Le sanzioni internazionali complicarono ulteriormente la situazione: gli artisti faticavano ad ottenere strumenti, e molti di loro si ritrovavano a suonare musica clandestina, mescolando tradizione e innovazione. Prendiamo ad esempio Mohammad-Reza Lofti, che tornò in Iran dopo aver vissuto a Firenze, dove si dice che provasse a imparare l’italiano dai termini musicali. Una situazione che, oggi, sembra quasi surreale. Ma come possono i musicisti continuare a creare in un contesto così opprimente?
La musica come strumento di protesta
La realtà è meno politically correct: in Iran, la musica classica non è mai stata relegata a un mero studio accademico. Al contrario, si è trasformata in un potente mezzo di protesta. In un contesto in cui le parole potrebbero costare la libertà, le note diventano linguaggio di resistenza. Pensate al Fajr International Music Festival, dove artisti iraniani e internazionali si incontrano, nonostante il rischio di censura. Eppure, ci sono sempre artisti che vengono respinti per capriccio di un regime che oscilla tra il terrore e l’apatia.
Un esempio emblematico è rappresentato da Riccardo Muti, che nel 2017 ha diretto un concerto con musicisti iraniani al National Garden di Teheran, un atto che prova a costruire ponti in un mare di divisioni. Eppure, il regime continua a temere la musica, come dimostrano le cancellazioni dell’ultimo minuto di concerti e spettacoli. Ma come può la musica essere vista come una minaccia da chi detiene il potere?
Un futuro incerto ma speranzoso
So che non è popolare dirlo, ma la musica classica in Iran potrebbe rappresentare un futuro diverso. La crescente domanda di cultura e arte, nonostante le limitazioni imposte, suggerisce che il desiderio di espressione è più forte della repressione. Ogni nota suonata è un atto di ribellione, ogni concerto una sfida al regime. La storia della musica classica iraniana è una storia di resilienza, di artisti che continuano a lottare per la loro libertà espressiva.
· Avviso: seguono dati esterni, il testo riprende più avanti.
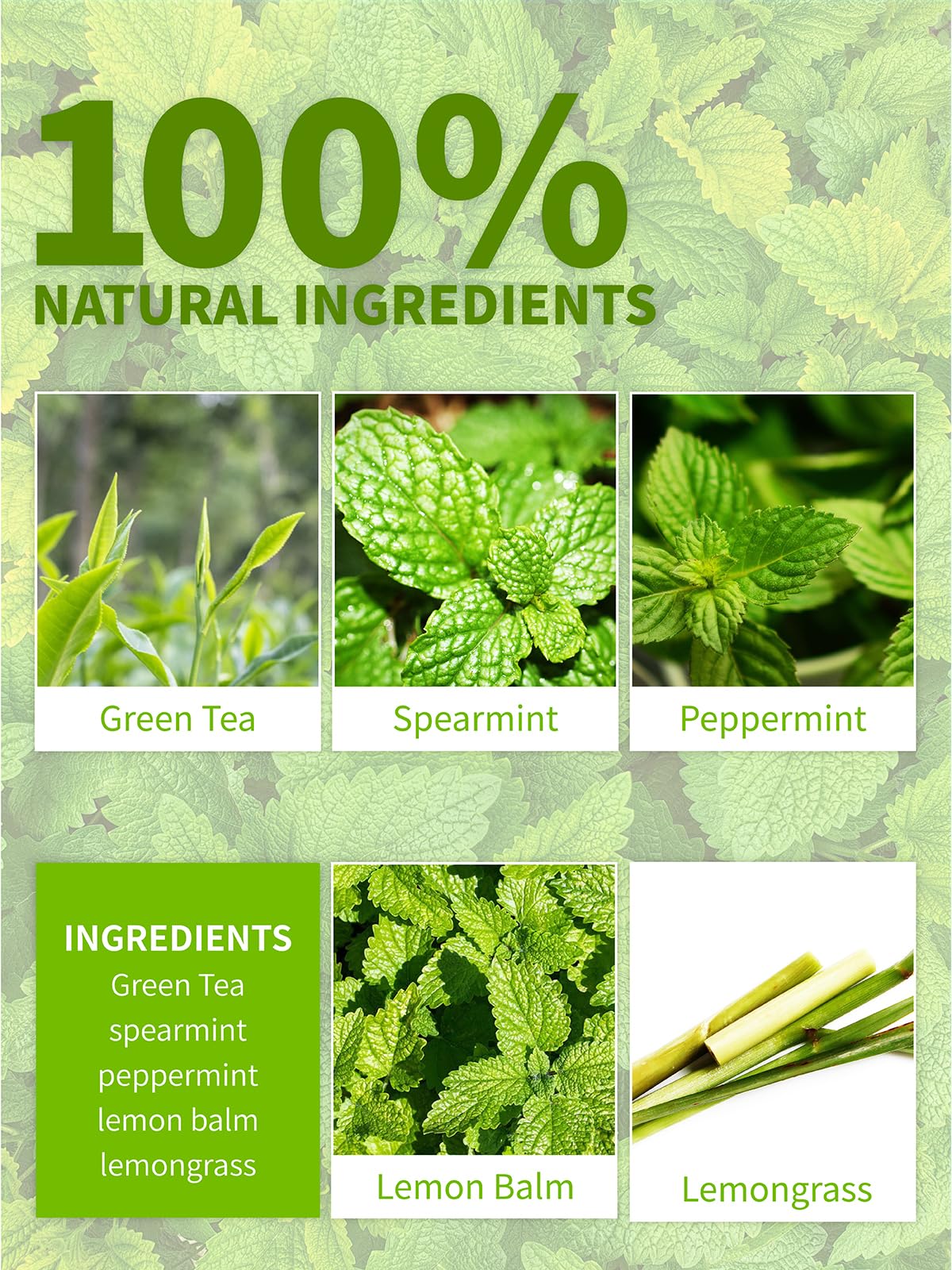 Teelux Mint Iced Green Tea Bags, Green Tea With Peppermint, Spearmint, And Lemongrass, Family Size Refreshing Iced Tea, 30 Count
La musica, in fondo, è un linguaggio universale. In un contesto in cui le parole possono essere pericolose, le note possono aprire spazi di dialogo e comprensione. E così, nel turbinio di eventi che caratterizza l’Iran moderno, la musica classica continua a risuonare, sperando di superare le barriere e di ispirare una nuova generazione in cerca di libertà. Ma ci riuscirà davvero?